Background technology
Adenine, Chinese another name: VITAMIN B4; The English another name of English name: Adenine: 6-Aminopurine; Vitamin B4 has the phytokinin effect, and its tablet or injection can be used for graininess leukopenia etc.Also can be applicable to tissue culture and biochemical reagents and synthetic drug such as adenine phosphate, raw materials such as purine medicaments.Also be used for biochemistry and pharmaceutical analysis.Press the difference of starting raw material, the compound method of adenine can reduce following four kinds.Shanghai No.12 Pharmaceutical Factory (Chinese Journal of Pharmaceuticals, 1972, with the ethyl malonate initial raw material 5:17), nitrated through cyclization, chlorination, ammonification, cyclization, salify six-step process altogether makes, and this method reactions step is many, yield is low, only has 18.96%.Guangzhou Medical College chemistry teaching and research room (Guangzhou Medical College journal; 1977,02:25) propose to use methane amide and Phosphorus Oxychloride to be 15 hours synthetic adenines of single stage method of main raw material reaction, yield reaches 30%; But the reaction times of this route is longer, and yield is low.(Chinese Journal of Pharmaceuticals, 2003,34 (3): be raw material with the xanthoglobulin 111), in anhydrous pyridine, the condensing agent POCl3 is participated in reaction down to Lin Ziyun etc., through the synthetic adenine of N-purine radicals-6-pyridinium salt midbody, total recovery 73%.Xanthoglobulin gets the 6-chloro-purine through POCl3 chlorination in the presence of tertiary amine, also can get VITAMIN B4 (J Am Chem Soc., 1954,76:6073 through ammonification again; J Am Chem Soc., 1982,104:3349; J Am Chem Soc., 2007,129:7055; J Am Chem Soc., 1990,112:8174; Eur J Org Chem, 2002,14:2356), but hypoxanthic source is less, and this route has no idea to reach large-scale application.Wangkais etc. are with 4, and 6-two chloro-5-nitro-pyrimidines are the synthetic adenine (CN102127081) of raw material, but 4,6-two chloro-5-nitro-pyrimidines are not large-scale source in industry.Therefore, should provide a kind of new technical scheme to address the above problem.
Summary of the invention
The objective of the invention is:, the preparation method of the adenine that a kind of process method is simple, reaction conditions is gentle, product purity is high is provided to above-mentioned deficiency.
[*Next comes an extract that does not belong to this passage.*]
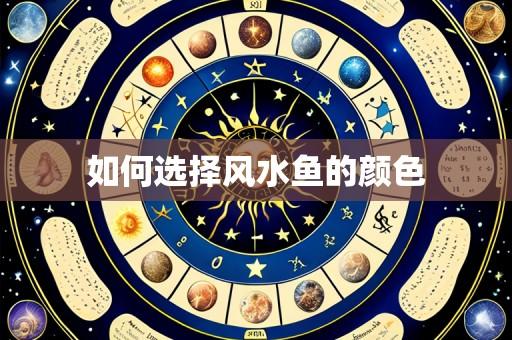 如何选择风水鱼的颜色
Be to realize above-mentioned purpose, the technical scheme that the present invention adopts is: with 6-amino-7-ethanoyl purine and alkali in molar ratio the ratio of 1:1~3 feed intake, be 80-100 ℃ in temperature and reacted 2-6 hour down; Add gac then, be incubated 1-3 hour and decolour, decolouring back solution filters, and filtrating uses mass percent to be neutralized to pH value 7-8 as the hydrochloric acid of 10-30%, and cooling solution is to 0-10 ℃; Refilter, filter cake descended dry 5-10 hour at 50-100 ℃, obtained adenine.
Said alkali is sodium hydroxide, Pottasium Hydroxide, yellow soda ash; The mass percent concentration of said alkali is 10-30%.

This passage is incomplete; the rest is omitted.